Your assignment:
Only some lines are wanted: please transcribe exactly those from the one containing "Dainty Dot Stickers - Image 15" through the end of the data, pictures excluded.
----- Records to process -----
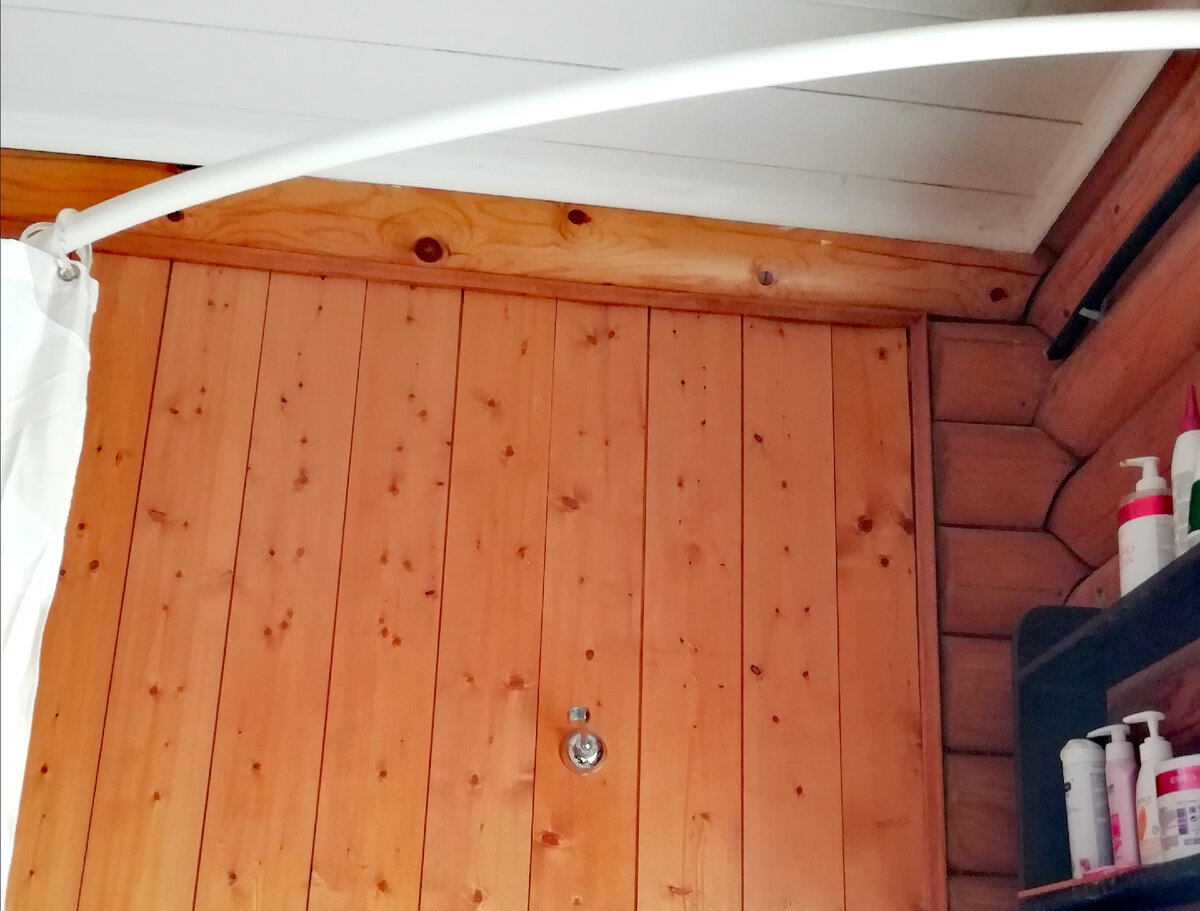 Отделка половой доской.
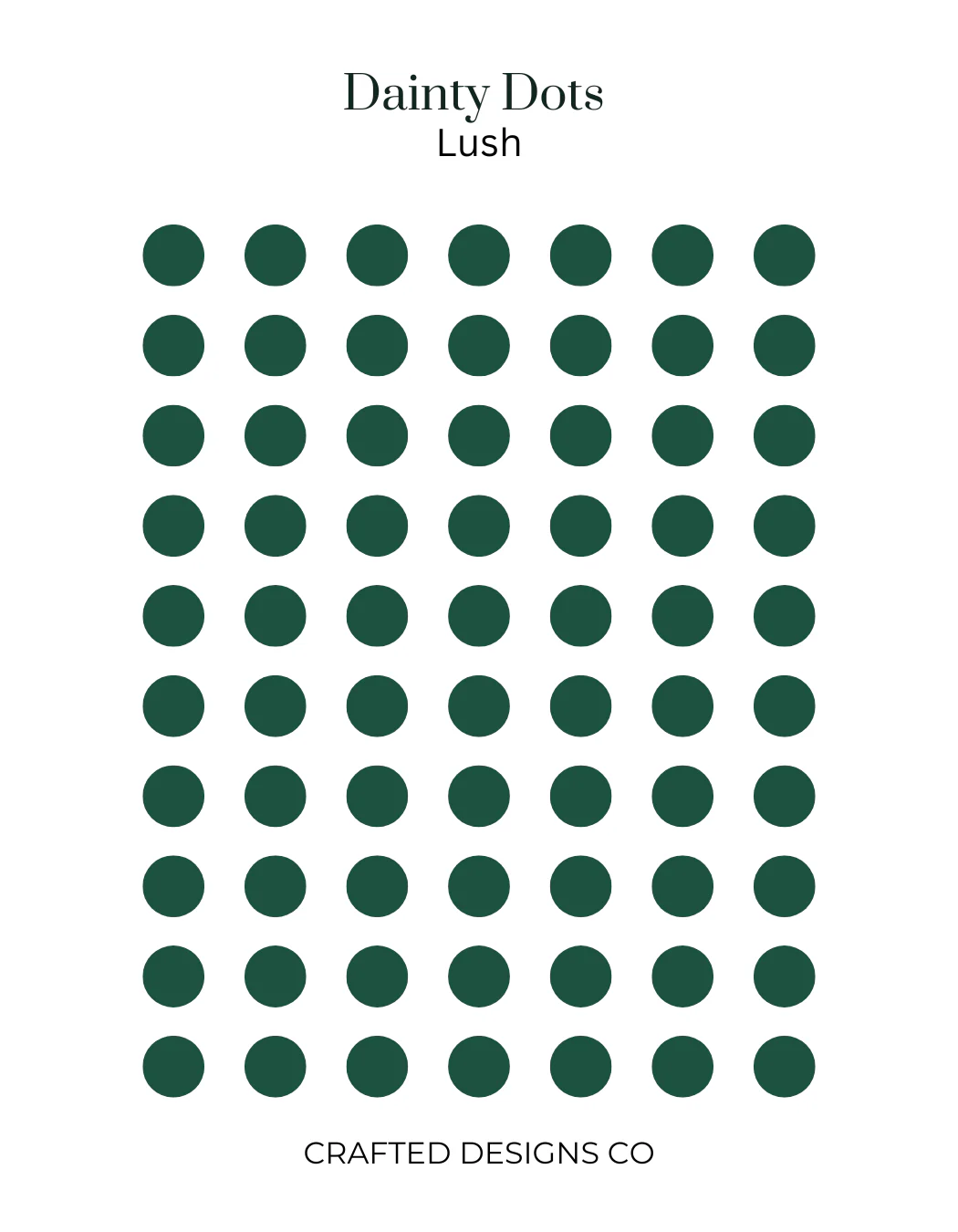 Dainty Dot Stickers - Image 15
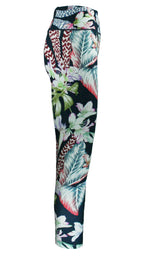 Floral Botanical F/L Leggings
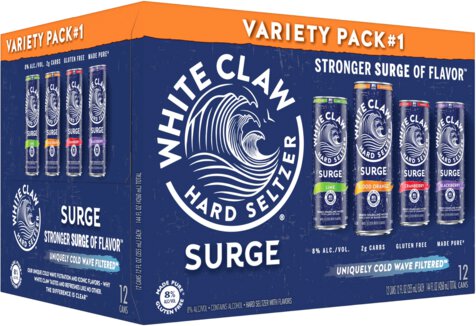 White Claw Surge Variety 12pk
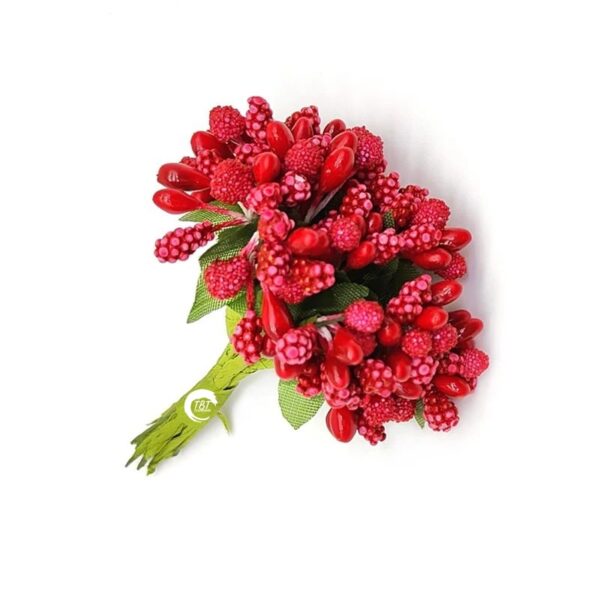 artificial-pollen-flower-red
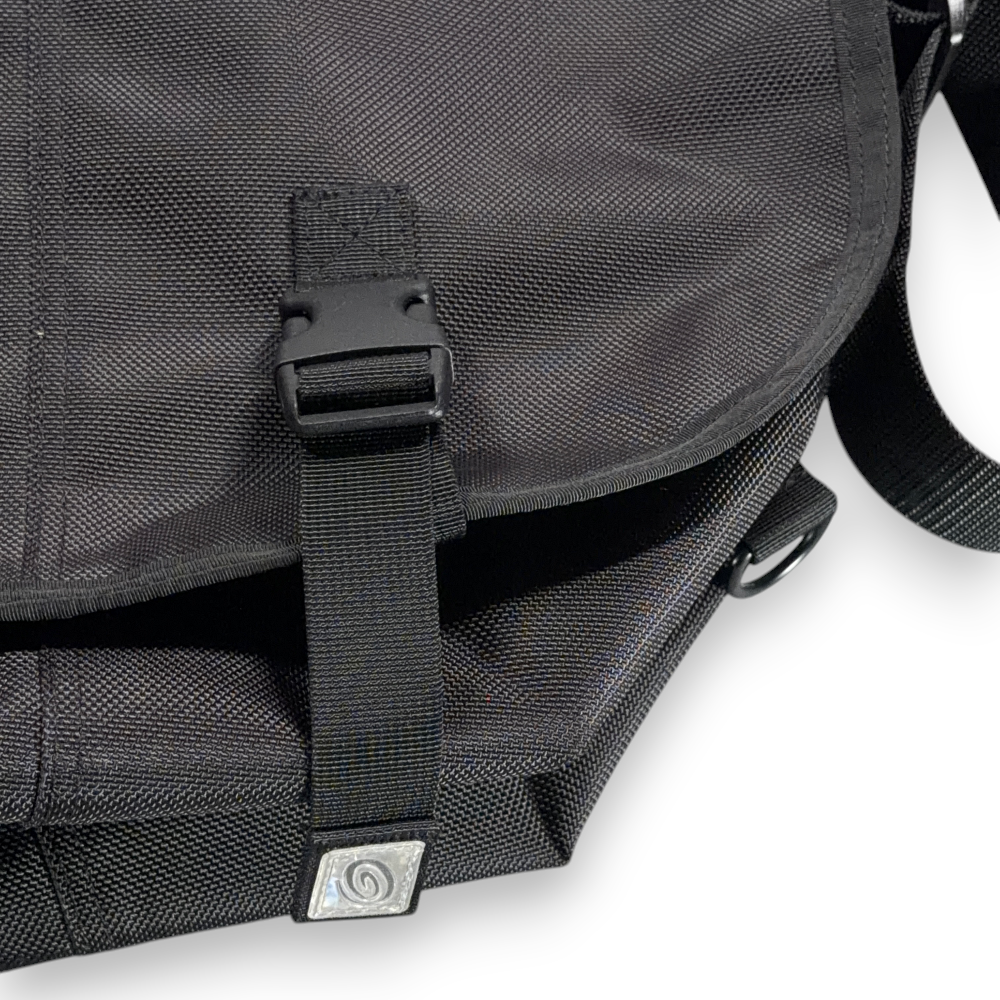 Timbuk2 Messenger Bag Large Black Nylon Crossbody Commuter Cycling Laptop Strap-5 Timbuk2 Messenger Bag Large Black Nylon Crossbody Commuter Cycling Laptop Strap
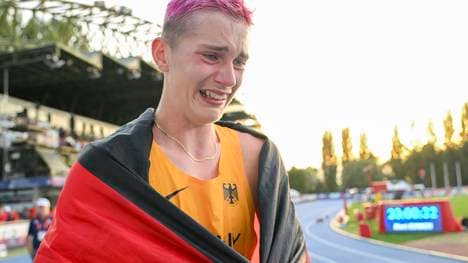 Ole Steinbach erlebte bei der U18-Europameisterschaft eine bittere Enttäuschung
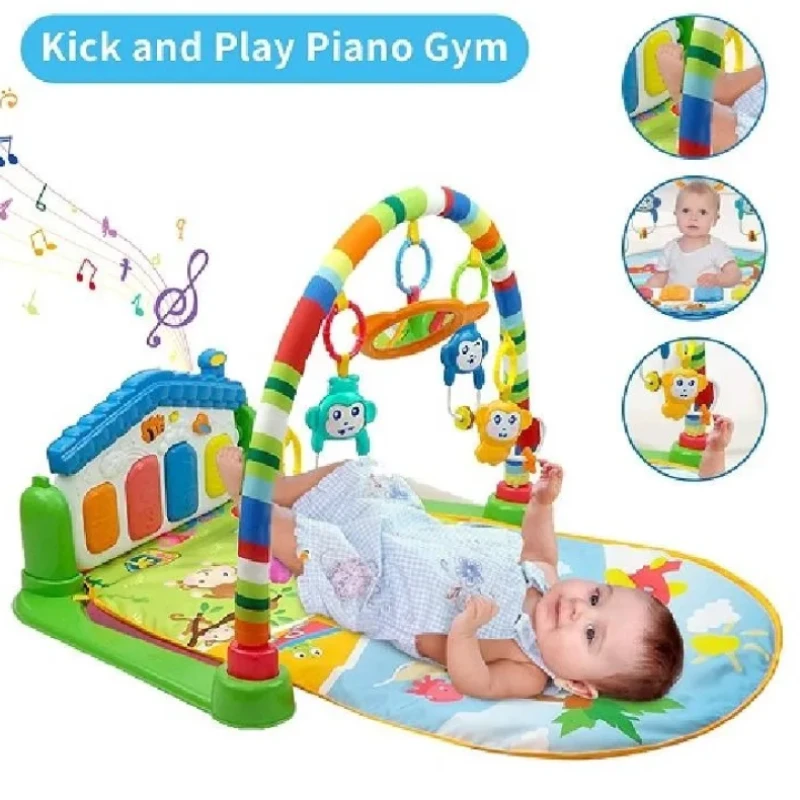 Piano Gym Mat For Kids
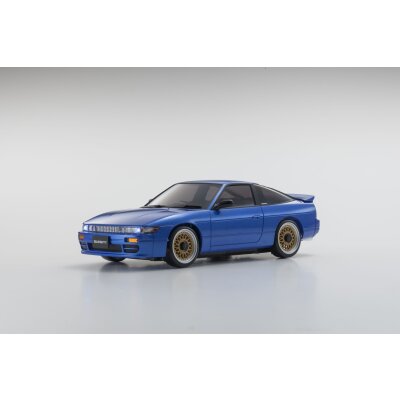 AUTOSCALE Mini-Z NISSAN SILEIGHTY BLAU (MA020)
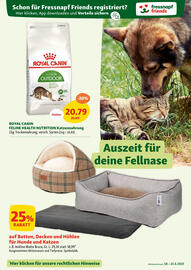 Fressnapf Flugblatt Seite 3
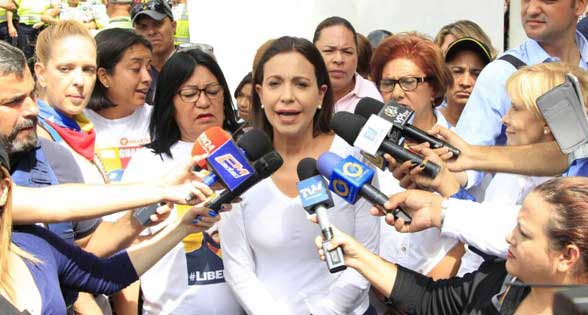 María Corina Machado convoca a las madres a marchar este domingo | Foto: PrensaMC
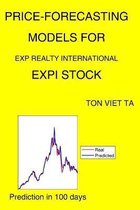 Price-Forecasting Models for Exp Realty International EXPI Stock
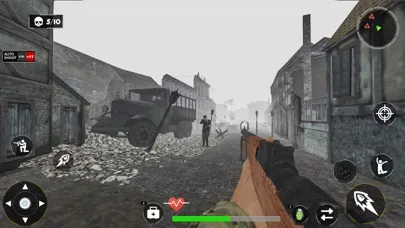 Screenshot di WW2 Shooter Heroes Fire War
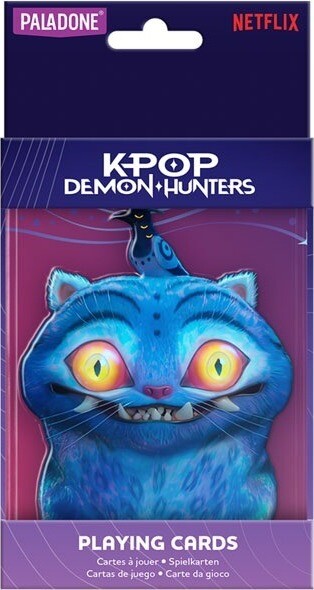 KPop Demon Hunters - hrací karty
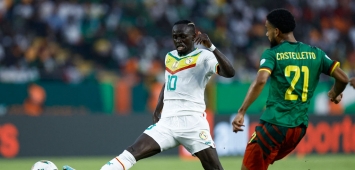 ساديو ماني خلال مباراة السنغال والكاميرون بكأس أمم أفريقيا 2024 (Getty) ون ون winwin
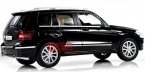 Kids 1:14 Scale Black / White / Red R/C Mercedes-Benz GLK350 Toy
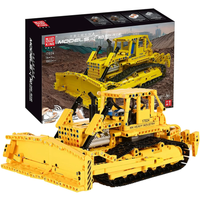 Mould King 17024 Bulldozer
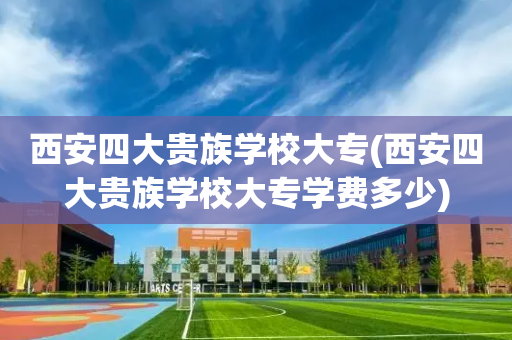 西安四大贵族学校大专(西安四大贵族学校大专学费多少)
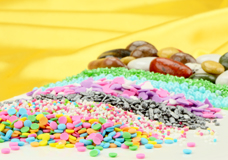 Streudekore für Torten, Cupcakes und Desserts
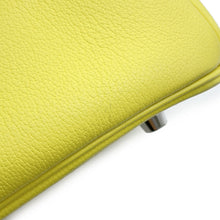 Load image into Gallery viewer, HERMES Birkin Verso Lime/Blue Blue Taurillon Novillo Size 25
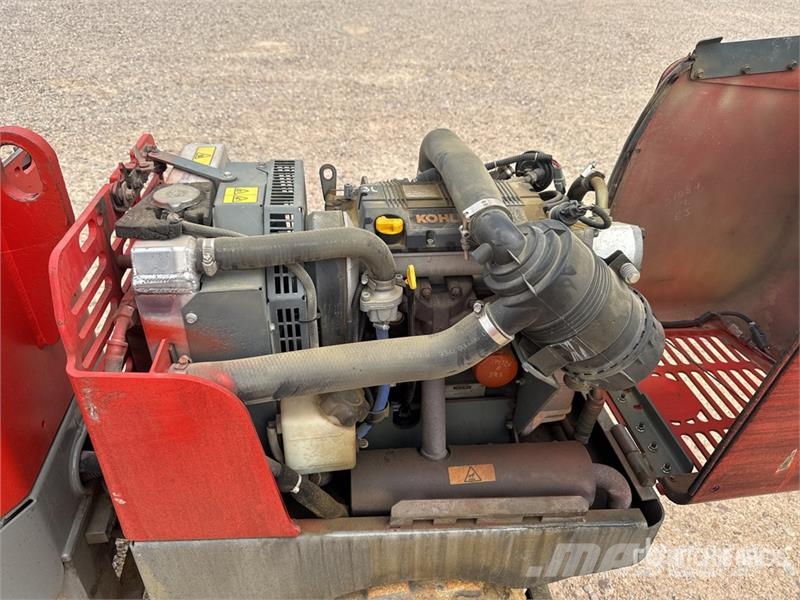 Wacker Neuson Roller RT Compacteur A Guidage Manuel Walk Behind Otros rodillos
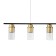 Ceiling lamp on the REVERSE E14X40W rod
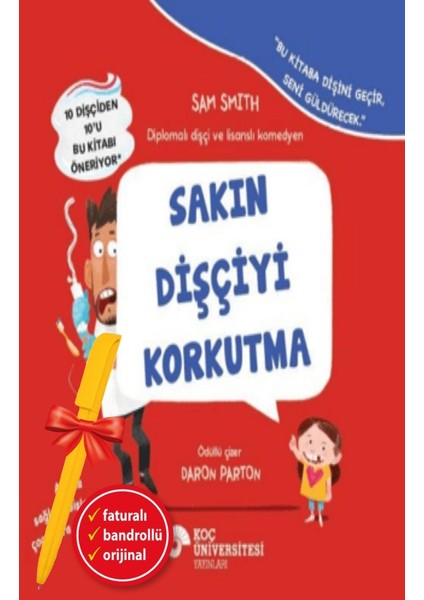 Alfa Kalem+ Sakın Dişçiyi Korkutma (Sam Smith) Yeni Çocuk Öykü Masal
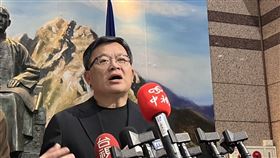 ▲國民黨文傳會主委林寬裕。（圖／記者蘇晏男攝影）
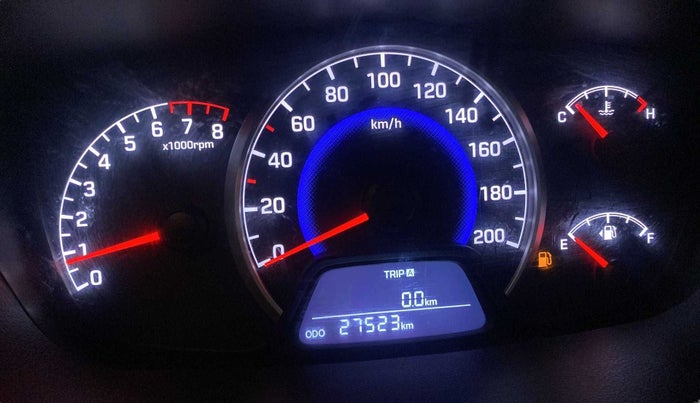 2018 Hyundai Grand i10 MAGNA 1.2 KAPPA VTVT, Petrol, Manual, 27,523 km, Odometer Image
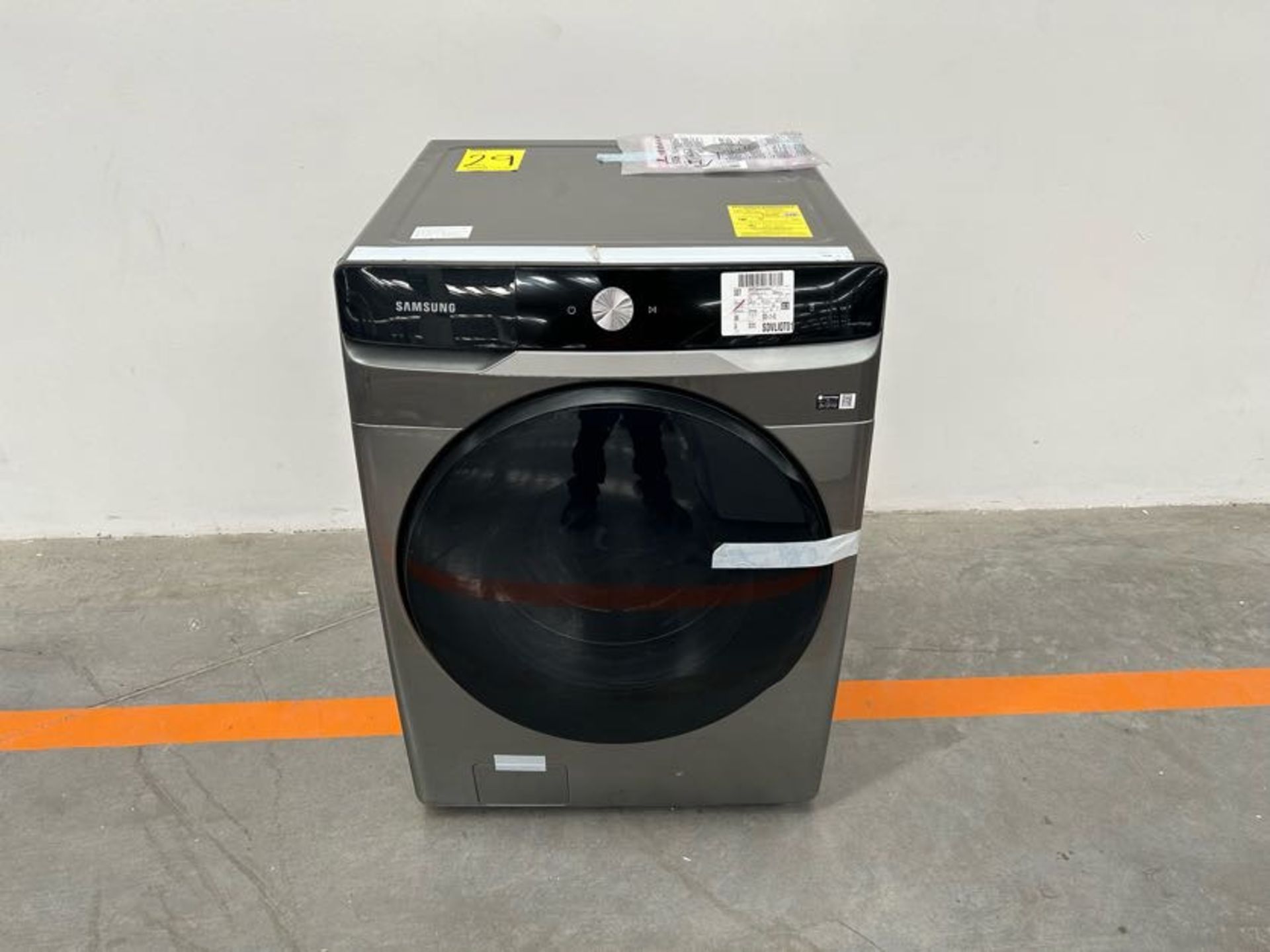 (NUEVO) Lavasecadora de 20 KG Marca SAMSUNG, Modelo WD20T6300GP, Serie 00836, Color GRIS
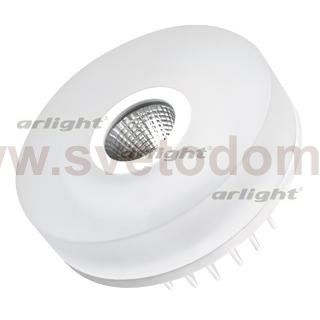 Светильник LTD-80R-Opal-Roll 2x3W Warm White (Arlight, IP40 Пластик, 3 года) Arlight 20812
-----
Exercise solution:
 Dainty Dot Stickers - Image 15
 Floral Botanical F/L Leggings
 White Claw Surge Variety 12pk
 artificial-pollen-flower-red
 Timbuk2 Messenger Bag Large Black Nylon Crossbody Commuter Cycling Laptop Strap-5 Timbuk2 Messenger Bag Large Black Nylon Crossbody Commuter Cycling Laptop Strap
 Ole Steinbach erlebte bei der U18-Europameisterschaft eine bittere Enttäuschung
 Piano Gym Mat For Kids
 AUTOSCALE Mini-Z NISSAN SILEIGHTY BLAU (MA020)
 Fressnapf Flugblatt Seite 3
 María Corina Machado convoca a las madres a marchar este domingo | Foto: PrensaMC
 Price-Forecasting Models for Exp Realty International EXPI Stock
 Screenshot di WW2 Shooter Heroes Fire War
 KPop Demon Hunters - hrací karty
 ساديو ماني خلال مباراة السنغال والكاميرون بكأس أمم أفريقيا 2024 (Getty) ون ون winwin
 Kids 1:14 Scale Black / White / Red R/C Mercedes-Benz GLK350 Toy
 Mould King 17024 Bulldozer
 西安四大贵族学校大专(西安四大贵族学校大专学费多少)
 Streudekore für Torten, Cupcakes und Desserts
 Load image into Gallery viewer, HERMES Birkin Verso Lime/Blue Blue Taurillon Novillo Size 25
 Wacker Neuson Roller RT Compacteur A Guidage Manuel Walk Behind Otros rodillos
 Ceiling lamp on the REVERSE E14X40W rod
 Alfa Kalem+ Sakın Dişçiyi Korkutma (Sam Smith) Yeni Çocuk Öykü Masal
 ▲國民黨文傳會主委林寬裕。（圖／記者蘇晏男攝影）
 2018 Hyundai Grand i10 MAGNA 1.2 KAPPA VTVT, Petrol, Manual, 27,523 km, Odometer Image
 (NUEVO) Lavasecadora de 20 KG Marca SAMSUNG, Modelo WD20T6300GP, Serie 00836, Color GRIS
 Светильник LTD-80R-Opal-Roll 2x3W Warm White (Arlight, IP40 Пластик, 3 года) Arlight 20812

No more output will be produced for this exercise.